VALENCIA. En los años 90, una serie de productores españoles empezaron a fijarse en el cine de Latinoamérica. De repente, se vio allí una posible salida comercial para romper las limitaciones de una industria, la del cine español, que no acababa de despegar y que no conseguía definirse como modelo. Por un lado, la política de subvenciones se quedó a medias, ya que la apuesta no fue tan profunda como la de los países (Francia y Alemania) en los que se había fijado Pilar Miró cuando llevó a cabo su reforma de la industria. Pero, por el otro lado, mucho peor era aún confiar su viabilidad a un libre mercado chantajeado y dominado por las productoras y distribuidoras estadounidenses.

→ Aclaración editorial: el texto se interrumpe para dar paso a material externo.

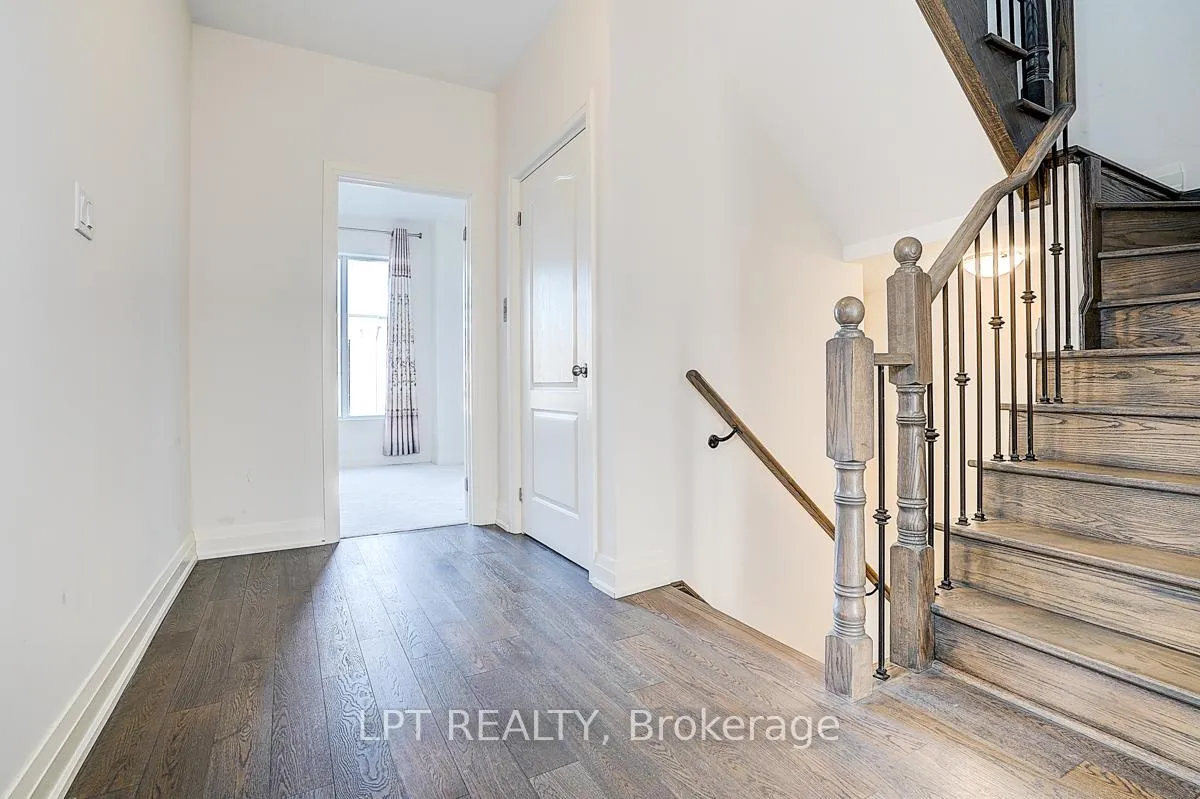 Photo 18 of 84 William Saville Street, Markham, Unionville — HOMEH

Así, productores como Gerardo Herrero empezaron a abrir mercado en Centroamérica y Sudamérica, introduciendo en España a realizadores de una amplísima trayectoria en sus países, como el cubano Tomás Gutiérrez Alea (a quien le produjo Guatanamera) o el argentino Adolfo Aristarain (Martin (Hache)). El caso argentino fue el más fructífero, gracias a su colaboración con el realizador Juan José Campanella y el actor Ricardo Darín, a quienes Herrero les produjo El hijo de la novia. El éxito internacional fue impresionante y se han ido sumando a la idea personajes tan avispados como Fernando Trueba o los hermanos Almodóvar.
Para rubricar la operación, sólo faltaba ponerle un nombre. Era imprescindible bautizar el fenómeno, como ya demostró en los años 60 el editor Carlos Barral cuando se inventó la etiqueta del "boom latinoamericano" para concebir lo que acabó siendo uno de los fenómenos literarios y editoriales más importantes del siglo pasado.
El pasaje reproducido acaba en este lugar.